Problem details -> Could you print the entries below exactly, starting at the line that contains "8413030 - صورة العقار 3" and stopping after the last one?

Items listed in a dataset:
==========
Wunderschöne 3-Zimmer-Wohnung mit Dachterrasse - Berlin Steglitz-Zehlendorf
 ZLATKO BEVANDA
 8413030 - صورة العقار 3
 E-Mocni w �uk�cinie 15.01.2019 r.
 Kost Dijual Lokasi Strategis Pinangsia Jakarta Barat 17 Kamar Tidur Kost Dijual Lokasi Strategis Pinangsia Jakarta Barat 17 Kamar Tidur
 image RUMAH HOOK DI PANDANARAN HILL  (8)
==========
Finished exercise ->
 8413030 - صورة العقار 3
 E-Mocni w �uk�cinie 15.01.2019 r.
 Kost Dijual Lokasi Strategis Pinangsia Jakarta Barat 17 Kamar Tidur Kost Dijual Lokasi Strategis Pinangsia Jakarta Barat 17 Kamar Tidur
 image RUMAH HOOK DI PANDANARAN HILL  (8)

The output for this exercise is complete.